Green light for a green deal: ACCC authorises Brookfield / Origin acquisition on public benefit grounds

11 October 2023

On 10 October 2023, the ACCC authorised Brookfield and MidOcean’s proposed acquisition of Origin Energy Limited (Origin) (Proposed Acquisition).

While the ACCC is yet to release a public version of its full reasons, the publicly released executive summary sets out that the ACCC:

  • was satisfied that public benefits would outweigh any public detriments
  • was not positively satisfied that there be no substantial lessening of competition, primarily due to concerns arising from vertical integration in electricity markets
  • accepted separation and ring-fencing undertakings from Brookfield, MidOcean, and AusNet, which it considered reduced the likelihood of competition impacts (but did not completely resolve them).

The authorisation means that the transaction can complete without risk under Australia’s merger clearance law.

Key takeaways

The deal was authorised under the ACCC’s formal merger authorisation regime, and not as part of the ACCC’s informal clearance process (which is the more common route for merger parties seeking clearance from the ACCC).

The authorisation decision has three key takeaways which add to the evolving landscape of Australia’s merger authorisation regime.

Public benefits win the day (again).

The decision was only the second merger authorisation since the authorisation regime was amended in 2017 to be authorised based on net public benefits (the first was the Armaguard – Prosegur authorisation in June this year). The net public benefits test is only available under the merger authorisation process (not the informal clearance process).

The ACCC was satisfied that the Proposed Acquisition will be likely to result in benefits in accelerated and additional renewable generation and storage and a decrease in Origin’s emission intensity, and that together, the benefits will result in a reduction of greenhouse gas emissions in Australia.

The decision contrasts to the ACCC’s authorisation decision in August that it was not satisfied of the claimed public benefits in ANZ’s application for merger authorisation with Suncorp Bank. A high-level takeout is that the ACCC may be more likely to accept public benefits claims where they accrue to Australians broadly and align with public policy objectives.

Vertical integration concerns not wholly solved by behavioural undertakings

The ACCC’s primary competition concern was the vertical integration between electricity generation and transmission assets in Victoria. Brookfield’s 45.4% interest in AusNet, which owns Victoria’s electricity transmission network, will be combined with Origin’s generation assets, leading the ACCC to consider that Brookfield (via AusNet) could discriminate in favour of Origin in connecting new generators to the Victorian transmission network, or in the way that it operates the transmission network.

Both Brookfield and AusNet offered court-enforceable undertakings to the ACCC largely targeted toward this concern through commitments including separation and ring-fencing of employees and information between Brookfield, AusNet, and Origin.

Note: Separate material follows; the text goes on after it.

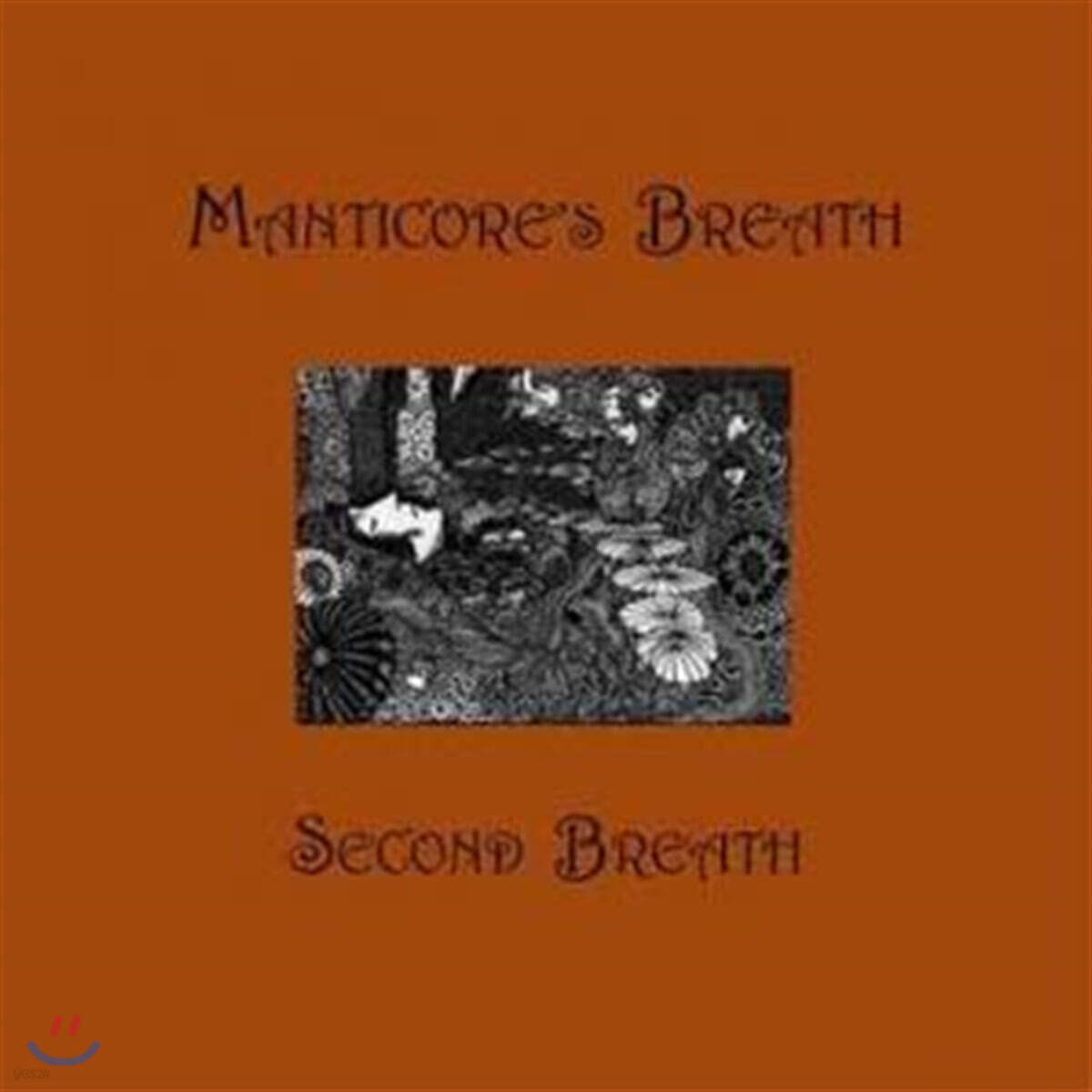 Manticore’s Breath (만티코어스 브레스) - Second Breath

The ACCC has historically been reluctant to accept ‘behavioural remedies’ for ‘structural concerns’. While the ACCC accepted the Brookfield and AusNet undertakings (which are additional to the existing regulatory regime applying to AusNet’s operations), that reluctance remains: the undertakings did not solve the ACCC’s competition concerns but instead were found to “reduce the likelihood” of public detriments occurring through impacts on competition.

Further clarification on the respective advantages of the different merger clearance avenues

Recent ACCC decisions not to authorise the Telstra and TPG proposed deal, and ANZ and Suncorp Bank, raised questions about whether (and when) the formal merger authorisation process offers advantages over the more commonly used informal clearance regime.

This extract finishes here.